According to other aspects of the invention, a polymer can be provided which is It is obtained by photopolymerizing the above polymerizable composition.

According to still another aspect of the present invention, there is provided an adhesive sheet comprising: a polymer having a thickness of from 10 μm to 500 μm, as described above.

According to another aspect of the present invention, a method of manufacturing an image display device comprising the step of interposing the polymerizable composition as described above between a base having a video display portion and a translucent protective portion can be provided. And a step of forming a polymer layer between the base portion and the protective portion by photopolymerizing the polymerizable composition.

According to still another aspect of the present invention, there is provided a method of manufacturing an image display device comprising the steps of: following the adhesive sheet as described above, the base portion having the image display portion and the light-transmitting protective portion.
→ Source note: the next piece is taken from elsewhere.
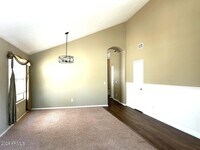 Building Photo - 1801 E Toledo St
According to still another aspect of the present invention, an image display device which can be manufactured by the method of manufacturing an image display device as described above can be provided.

1‧‧‧ display device

2‧‧‧Display Department

3‧‧‧Protection Department (only in Figure 4 and Figure 5, touch sensor integrated protection part)

4‧‧‧ spacer

5a, 5b‧‧‧ polymer (layer)

6a, 6b‧‧‧ polarizing plate

Fig. 1 is a cross-sectional view showing the main part of a display device according to an embodiment of the present invention.
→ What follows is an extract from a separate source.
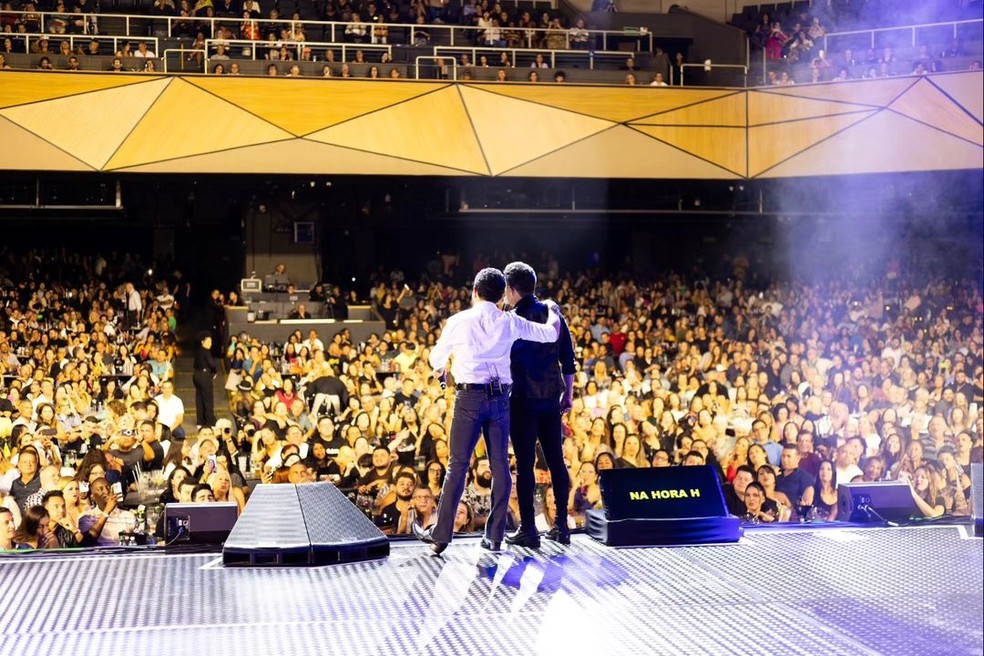 Zezé Di Camargo e Luciano não se falam em bastidores de show no Rio — Foto: Instagram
Fig. 2 is a cross-sectional view showing the main part of a display device according to an embodiment of the present invention.
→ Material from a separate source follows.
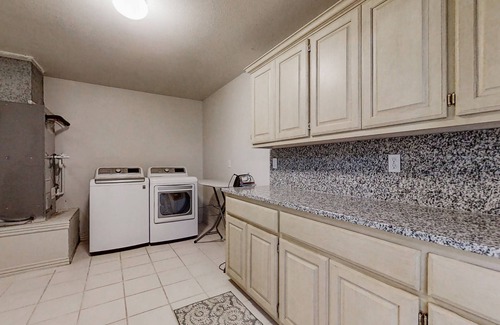 Maysville House | Ranch life experience with private pool and washer/dryer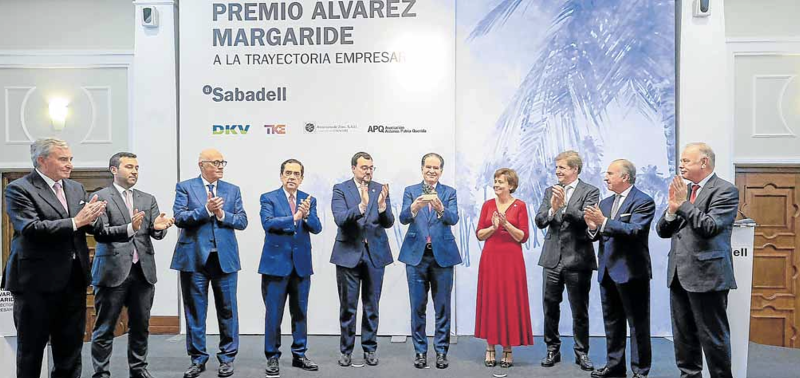 Manuel Corripio Alonso muestra el reconocimiento que le fue otorgado a su padre José Luis “Pepín” Corripio Estrada, durante el XV premio “Álvarez Margaride”.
Fig. 3 is a cross-sectional view showing the main part of a display device according to an embodiment of the present invention.

Fig. 4 is a cross-sectional view showing the main part of a display device according to an embodiment of the present invention.

Fig. 5 is a cross-sectional view showing the main part of a display device according to an embodiment of the present invention.

Fig. 6 is a cross-sectional view showing the main part of a display device of the related art.

Hereinafter, embodiments of the present invention will be specifically described.

In the present specification, the term "(meth)acryl fluorenyl" means acryl fluorenyl and/or methacryl fluorenyl.

An embodiment (I) of the present invention will be described.

The embodiment (I) of the present invention is a polymerizable composition characterized in that the polymer layer of the image display unit formed in the image display device and the polymer layer between the light-transmitting protective portion are polymerized. In the composition, the polymerizable composition contains the following components 1, the following components 2, and the following component 3 as essential components.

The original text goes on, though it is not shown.